• [Task prompt]:
Pictures excluded, please transcribe exactly the lines from the one with "VS Factory Omega" through the end of the records below, and nothing more.

______

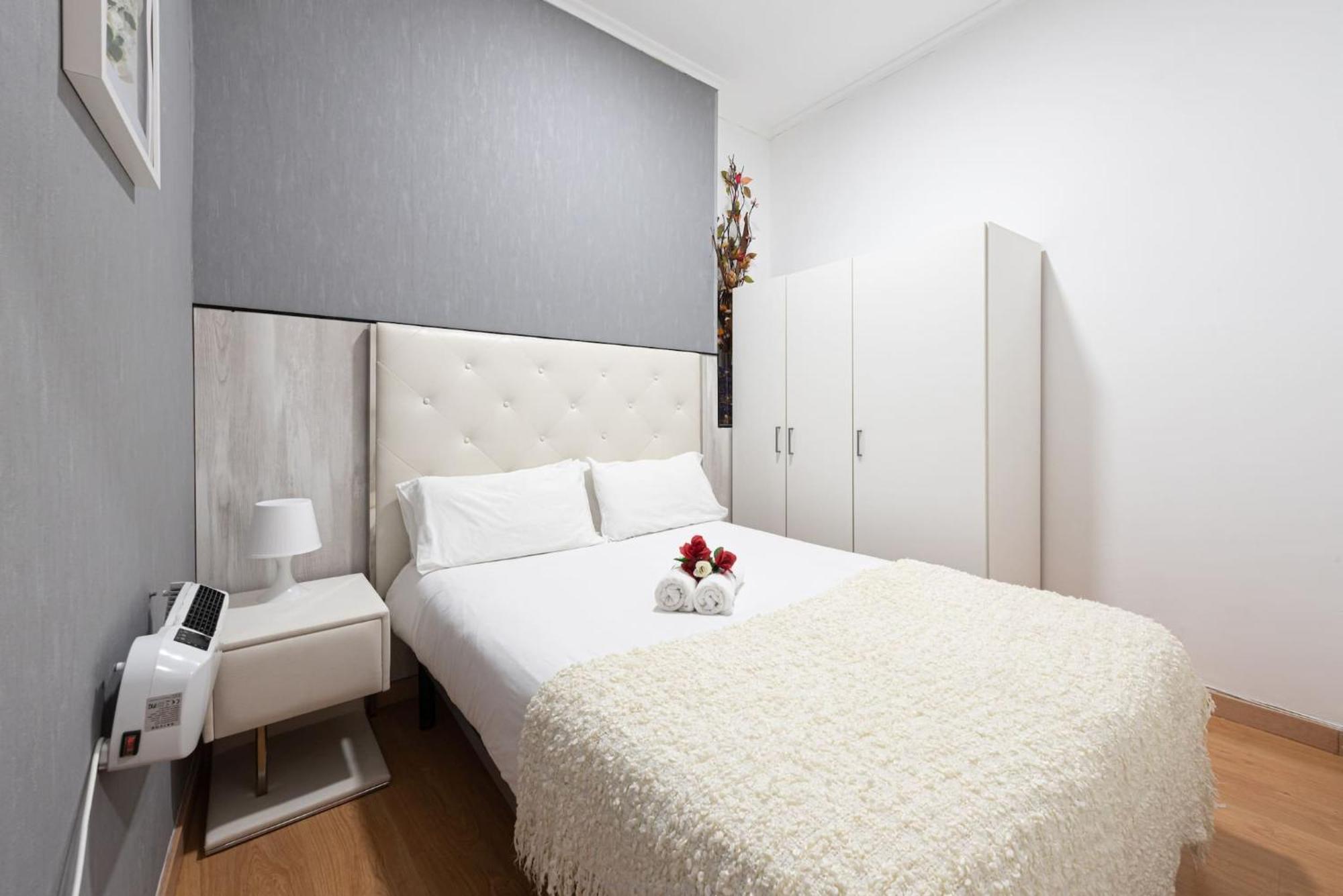 Apartamentos Day Madrid Luna Centro Gran Via Sol Malasana エクステリア 写真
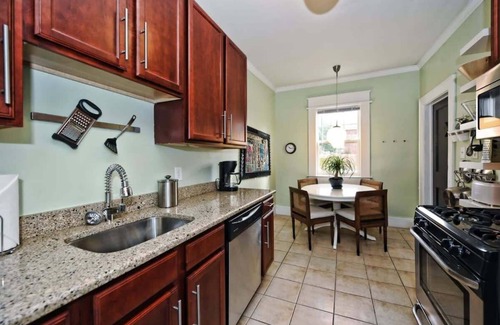 Dilworth Condominio | Cozy Dilworth 1BR King Condo | Porch | Walkable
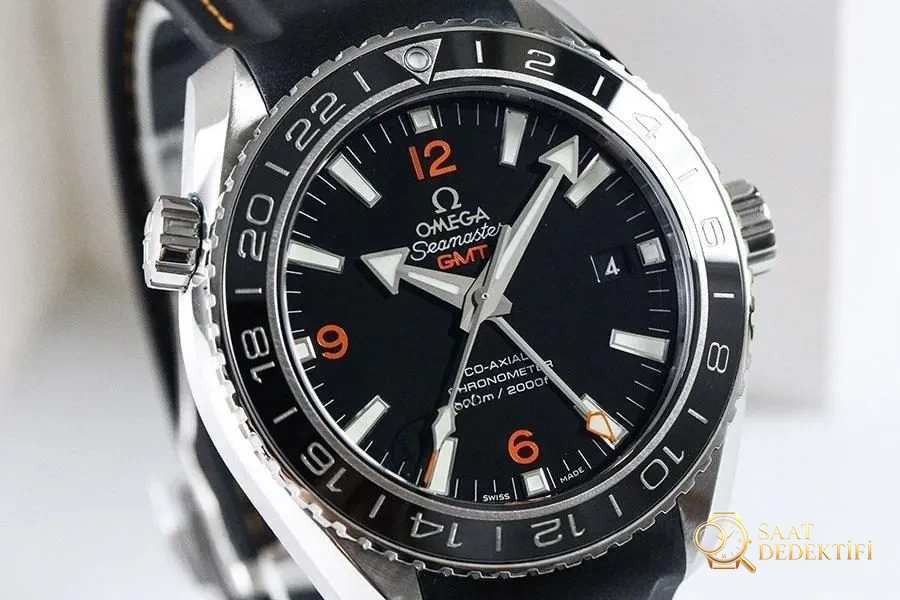 VS Factory Omega Seamaster 600m «Turuncu Yazılı GMT» Replika Kol Saati - 232.32.44.22.01.002 - Kadran Detayı ve Bezel İşçiliği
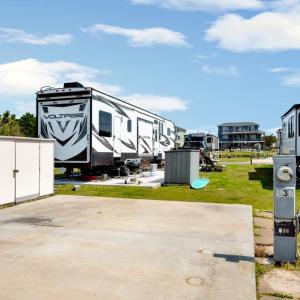 Photo #20 of 3665 Sandpiper Road, Virginia Beach, Virginia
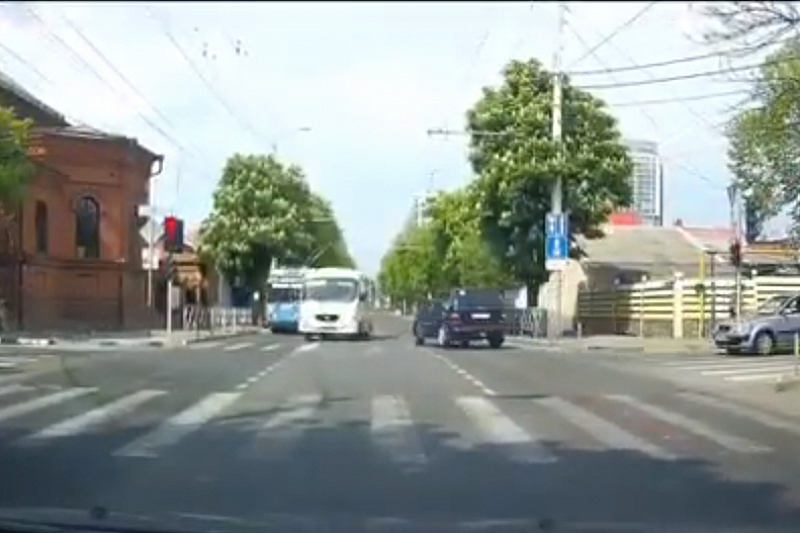 Полиция Краснодара нашла водителя маршрутки, проехавшего по встречной полосе на красный свет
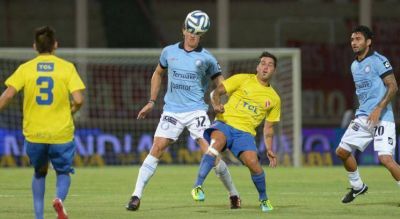 En su primer partido del a�o, Belgrano domin� y le gan� bien a Independiente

______

• [Response to this exercise]:
 VS Factory Omega Seamaster 600m «Turuncu Yazılı GMT» Replika Kol Saati - 232.32.44.22.01.002 - Kadran Detayı ve Bezel İşçiliği
 Photo #20 of 3665 Sandpiper Road, Virginia Beach, Virginia
 Полиция Краснодара нашла водителя маршрутки, проехавшего по встречной полосе на красный свет
 En su primer partido del a�o, Belgrano domin� y le gan� bien a Independiente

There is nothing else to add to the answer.